Firstly, the undersigned’s point is addressed that the environmental benefit is achieved by locating data centers in Norway, as these facilities need to be cooled and that this is naturally less energy intensive in a colder climate. It is said that “the average temperature in Munich is only one degree higher than in Stavanger.” We’ll have to take the duo’s word for it. However, the average for high temperatures, when the computer needs cooling most, is higher in Munich for ten of the twelve months of the year. In the summer, it increases by 20-30 percent.
Glass beads are a legend
It is then said that German data centers run primarily on green energy, so Norway’s sustainable energy mix should not dictate the presence of data centers here either. A quick look at data from Electricitymaps.com shows that Germany’s electricity consumption in the past 12 months generated 390 grams of so-called carbon dioxide equivalents per kilowatt hour, 61 percent of which was renewable and the rest came largely from power plants that Coal powered. The vasset in the southwestern part of Norway was 24 grams and 99 percent renewable.

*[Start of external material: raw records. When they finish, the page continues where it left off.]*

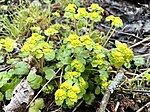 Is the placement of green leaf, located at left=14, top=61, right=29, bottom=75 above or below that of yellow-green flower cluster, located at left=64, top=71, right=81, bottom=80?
below

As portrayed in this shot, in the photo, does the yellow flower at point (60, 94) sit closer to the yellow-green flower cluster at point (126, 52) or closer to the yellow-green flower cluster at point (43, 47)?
the yellow-green flower cluster at point (43, 47)

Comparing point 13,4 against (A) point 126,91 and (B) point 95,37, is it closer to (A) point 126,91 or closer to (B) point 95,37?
(B) point 95,37

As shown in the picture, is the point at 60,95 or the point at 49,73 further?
the point at 49,73

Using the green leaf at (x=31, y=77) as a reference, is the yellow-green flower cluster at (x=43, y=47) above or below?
above

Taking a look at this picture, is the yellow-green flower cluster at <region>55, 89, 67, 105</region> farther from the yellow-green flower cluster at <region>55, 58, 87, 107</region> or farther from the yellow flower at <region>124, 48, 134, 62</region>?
the yellow flower at <region>124, 48, 134, 62</region>

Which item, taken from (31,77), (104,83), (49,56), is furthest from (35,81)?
(104,83)

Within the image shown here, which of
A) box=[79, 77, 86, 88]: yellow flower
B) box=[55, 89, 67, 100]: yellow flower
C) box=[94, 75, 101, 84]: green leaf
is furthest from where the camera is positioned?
box=[94, 75, 101, 84]: green leaf

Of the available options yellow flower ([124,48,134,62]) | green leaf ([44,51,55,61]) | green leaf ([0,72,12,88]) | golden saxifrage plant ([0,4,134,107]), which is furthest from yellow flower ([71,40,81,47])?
green leaf ([0,72,12,88])

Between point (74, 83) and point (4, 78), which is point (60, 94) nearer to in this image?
point (74, 83)

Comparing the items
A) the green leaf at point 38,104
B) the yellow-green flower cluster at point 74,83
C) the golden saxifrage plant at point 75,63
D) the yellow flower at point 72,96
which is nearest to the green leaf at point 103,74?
the golden saxifrage plant at point 75,63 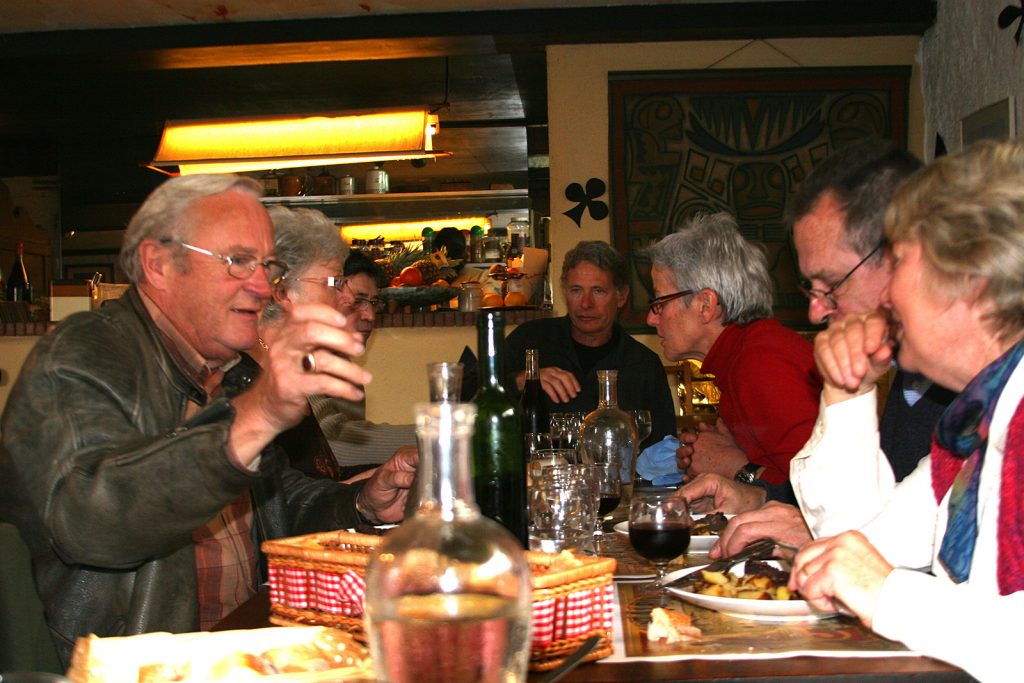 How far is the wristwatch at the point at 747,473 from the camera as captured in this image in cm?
266

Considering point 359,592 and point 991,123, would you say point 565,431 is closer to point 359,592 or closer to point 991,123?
point 359,592

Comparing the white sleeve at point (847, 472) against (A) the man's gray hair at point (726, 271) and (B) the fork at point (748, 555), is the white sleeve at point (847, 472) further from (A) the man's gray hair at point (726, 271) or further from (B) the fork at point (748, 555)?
(A) the man's gray hair at point (726, 271)

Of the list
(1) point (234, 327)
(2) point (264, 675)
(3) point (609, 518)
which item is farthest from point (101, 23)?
(2) point (264, 675)

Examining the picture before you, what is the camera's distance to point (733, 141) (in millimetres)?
5281

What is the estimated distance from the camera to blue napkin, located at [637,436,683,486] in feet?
9.48

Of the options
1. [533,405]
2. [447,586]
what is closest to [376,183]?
[533,405]

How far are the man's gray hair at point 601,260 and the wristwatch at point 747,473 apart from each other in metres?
1.68

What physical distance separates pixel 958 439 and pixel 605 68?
4.24 meters

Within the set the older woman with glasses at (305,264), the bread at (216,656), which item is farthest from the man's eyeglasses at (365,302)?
the bread at (216,656)

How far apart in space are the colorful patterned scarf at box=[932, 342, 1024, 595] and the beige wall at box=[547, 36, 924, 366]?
394cm

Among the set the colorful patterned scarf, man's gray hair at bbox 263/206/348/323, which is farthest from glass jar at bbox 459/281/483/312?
the colorful patterned scarf

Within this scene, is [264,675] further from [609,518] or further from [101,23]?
[101,23]

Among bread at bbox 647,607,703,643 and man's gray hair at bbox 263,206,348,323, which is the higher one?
man's gray hair at bbox 263,206,348,323

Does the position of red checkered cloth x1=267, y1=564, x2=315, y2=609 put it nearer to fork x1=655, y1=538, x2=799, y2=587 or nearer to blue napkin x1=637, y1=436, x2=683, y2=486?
fork x1=655, y1=538, x2=799, y2=587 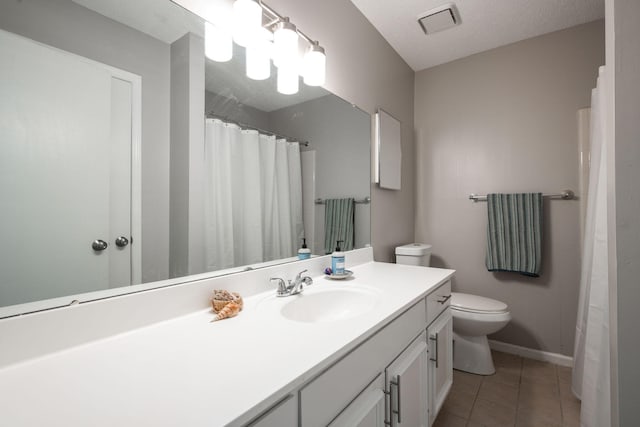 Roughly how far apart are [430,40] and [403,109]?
0.52 metres

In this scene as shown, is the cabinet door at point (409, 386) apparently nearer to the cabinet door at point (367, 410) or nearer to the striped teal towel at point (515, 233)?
the cabinet door at point (367, 410)

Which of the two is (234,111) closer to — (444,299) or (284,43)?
(284,43)

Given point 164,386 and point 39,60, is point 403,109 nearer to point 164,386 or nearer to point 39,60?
point 39,60

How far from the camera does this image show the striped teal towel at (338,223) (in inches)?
61.9

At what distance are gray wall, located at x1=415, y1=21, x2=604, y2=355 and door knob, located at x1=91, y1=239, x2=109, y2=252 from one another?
7.70 feet

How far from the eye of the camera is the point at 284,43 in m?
1.20

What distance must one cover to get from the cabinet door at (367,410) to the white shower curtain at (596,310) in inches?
38.1

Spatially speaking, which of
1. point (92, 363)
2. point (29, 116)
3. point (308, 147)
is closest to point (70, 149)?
point (29, 116)

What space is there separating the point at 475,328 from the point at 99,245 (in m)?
2.01

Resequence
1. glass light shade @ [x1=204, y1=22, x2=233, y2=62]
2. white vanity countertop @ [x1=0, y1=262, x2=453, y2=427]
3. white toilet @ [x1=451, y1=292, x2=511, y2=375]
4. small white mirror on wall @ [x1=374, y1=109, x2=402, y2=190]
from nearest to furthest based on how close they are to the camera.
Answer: white vanity countertop @ [x1=0, y1=262, x2=453, y2=427], glass light shade @ [x1=204, y1=22, x2=233, y2=62], white toilet @ [x1=451, y1=292, x2=511, y2=375], small white mirror on wall @ [x1=374, y1=109, x2=402, y2=190]

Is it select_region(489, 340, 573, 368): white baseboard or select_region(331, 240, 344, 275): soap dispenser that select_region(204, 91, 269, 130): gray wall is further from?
select_region(489, 340, 573, 368): white baseboard

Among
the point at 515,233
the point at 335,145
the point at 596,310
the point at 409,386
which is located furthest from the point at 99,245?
the point at 515,233

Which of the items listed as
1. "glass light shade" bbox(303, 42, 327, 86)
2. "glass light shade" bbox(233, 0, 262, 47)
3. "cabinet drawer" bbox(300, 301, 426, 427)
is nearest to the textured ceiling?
"glass light shade" bbox(303, 42, 327, 86)

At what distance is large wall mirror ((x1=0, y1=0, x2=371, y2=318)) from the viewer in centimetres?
64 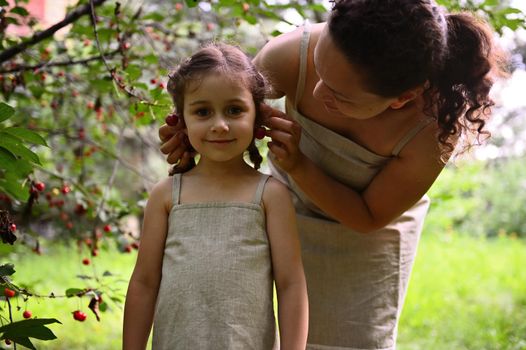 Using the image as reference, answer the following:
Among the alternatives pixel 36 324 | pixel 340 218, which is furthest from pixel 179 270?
pixel 340 218

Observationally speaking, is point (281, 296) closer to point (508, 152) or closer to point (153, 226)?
point (153, 226)

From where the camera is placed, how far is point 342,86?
165 cm

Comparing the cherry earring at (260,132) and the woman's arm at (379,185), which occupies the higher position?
the cherry earring at (260,132)

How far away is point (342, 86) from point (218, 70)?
30cm

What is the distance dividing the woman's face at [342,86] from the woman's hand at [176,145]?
0.36m

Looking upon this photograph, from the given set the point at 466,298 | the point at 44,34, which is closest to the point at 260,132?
the point at 44,34

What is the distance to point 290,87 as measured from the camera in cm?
198

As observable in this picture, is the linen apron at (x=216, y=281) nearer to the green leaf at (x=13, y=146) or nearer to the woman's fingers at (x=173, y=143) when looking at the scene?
the woman's fingers at (x=173, y=143)

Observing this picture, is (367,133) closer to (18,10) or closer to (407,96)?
(407,96)

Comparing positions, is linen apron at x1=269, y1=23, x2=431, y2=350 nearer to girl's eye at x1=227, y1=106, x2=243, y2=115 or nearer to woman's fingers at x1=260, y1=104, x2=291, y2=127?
woman's fingers at x1=260, y1=104, x2=291, y2=127


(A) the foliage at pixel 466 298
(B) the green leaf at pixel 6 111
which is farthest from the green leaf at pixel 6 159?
(A) the foliage at pixel 466 298

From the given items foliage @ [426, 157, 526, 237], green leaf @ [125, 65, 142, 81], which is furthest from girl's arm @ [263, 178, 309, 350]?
foliage @ [426, 157, 526, 237]

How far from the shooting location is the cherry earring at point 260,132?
67.0 inches

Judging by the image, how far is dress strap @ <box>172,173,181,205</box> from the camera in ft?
5.49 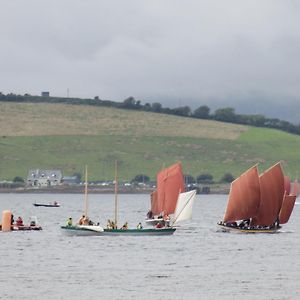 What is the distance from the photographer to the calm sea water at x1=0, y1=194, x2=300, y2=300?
259 feet

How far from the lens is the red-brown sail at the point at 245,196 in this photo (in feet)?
439

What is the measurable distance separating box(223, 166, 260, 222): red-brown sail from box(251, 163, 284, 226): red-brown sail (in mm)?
799

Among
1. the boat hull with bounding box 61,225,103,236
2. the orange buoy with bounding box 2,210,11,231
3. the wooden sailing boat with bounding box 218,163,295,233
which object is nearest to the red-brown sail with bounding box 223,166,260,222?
the wooden sailing boat with bounding box 218,163,295,233

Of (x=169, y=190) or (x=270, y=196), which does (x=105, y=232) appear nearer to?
(x=270, y=196)

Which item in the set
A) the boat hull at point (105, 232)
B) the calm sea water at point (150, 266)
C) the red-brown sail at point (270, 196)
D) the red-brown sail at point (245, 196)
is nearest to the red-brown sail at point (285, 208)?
the calm sea water at point (150, 266)

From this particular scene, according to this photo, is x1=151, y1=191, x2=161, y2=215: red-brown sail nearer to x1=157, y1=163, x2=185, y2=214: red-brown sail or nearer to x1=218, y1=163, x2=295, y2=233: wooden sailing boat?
x1=157, y1=163, x2=185, y2=214: red-brown sail

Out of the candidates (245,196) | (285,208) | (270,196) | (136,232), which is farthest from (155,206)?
(136,232)

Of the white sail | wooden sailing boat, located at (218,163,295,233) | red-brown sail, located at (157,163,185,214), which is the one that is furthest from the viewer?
red-brown sail, located at (157,163,185,214)

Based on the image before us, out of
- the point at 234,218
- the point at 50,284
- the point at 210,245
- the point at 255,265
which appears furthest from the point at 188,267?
the point at 234,218

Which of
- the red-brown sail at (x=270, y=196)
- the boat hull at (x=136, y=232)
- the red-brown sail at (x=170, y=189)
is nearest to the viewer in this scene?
the boat hull at (x=136, y=232)

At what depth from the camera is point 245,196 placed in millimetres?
134000

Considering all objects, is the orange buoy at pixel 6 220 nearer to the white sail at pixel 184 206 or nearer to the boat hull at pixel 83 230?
the boat hull at pixel 83 230

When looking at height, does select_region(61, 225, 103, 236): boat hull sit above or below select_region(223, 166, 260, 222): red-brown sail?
below

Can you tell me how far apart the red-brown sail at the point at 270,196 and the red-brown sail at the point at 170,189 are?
42.2 feet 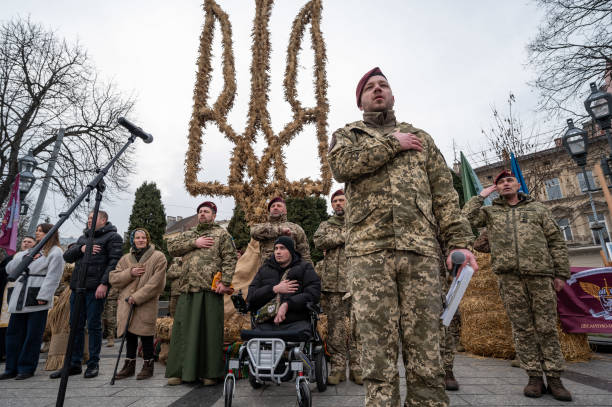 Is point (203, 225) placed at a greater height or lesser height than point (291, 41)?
lesser

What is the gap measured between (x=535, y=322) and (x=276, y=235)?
9.92 ft

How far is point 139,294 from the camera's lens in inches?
164

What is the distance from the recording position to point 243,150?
647cm

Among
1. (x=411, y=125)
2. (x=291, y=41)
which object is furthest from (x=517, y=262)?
(x=291, y=41)

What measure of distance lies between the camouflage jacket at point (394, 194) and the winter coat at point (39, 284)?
4.57 meters

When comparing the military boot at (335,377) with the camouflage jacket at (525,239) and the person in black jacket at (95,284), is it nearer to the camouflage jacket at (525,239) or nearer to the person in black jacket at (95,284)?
the camouflage jacket at (525,239)

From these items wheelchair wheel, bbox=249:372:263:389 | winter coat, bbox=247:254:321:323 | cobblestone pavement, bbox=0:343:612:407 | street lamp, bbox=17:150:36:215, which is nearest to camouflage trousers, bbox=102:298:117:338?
street lamp, bbox=17:150:36:215

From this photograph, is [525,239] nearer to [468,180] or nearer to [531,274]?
[531,274]

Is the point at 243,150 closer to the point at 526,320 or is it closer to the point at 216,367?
the point at 216,367

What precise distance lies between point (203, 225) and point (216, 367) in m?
1.71

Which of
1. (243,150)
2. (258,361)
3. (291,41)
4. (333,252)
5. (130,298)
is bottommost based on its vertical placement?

Right-wing leaders Hernes and Folgero point to the oil adventure and call for a “new Jens Evensen” who can secure Norway’s interests. Have they forgotten Erna Solberg, who in 2018 launched the government’s data center strategy “Norway as a data-centric country”? Broad political agreement has led to the strategy now being pursued and updated by the Storr government.
“We never sold oil for glass beads,” historians wrote, referring to the story that the natives sold Manhattan to the Dutch for a bag of glass beads and were thus cheated. There’s actually one too myth.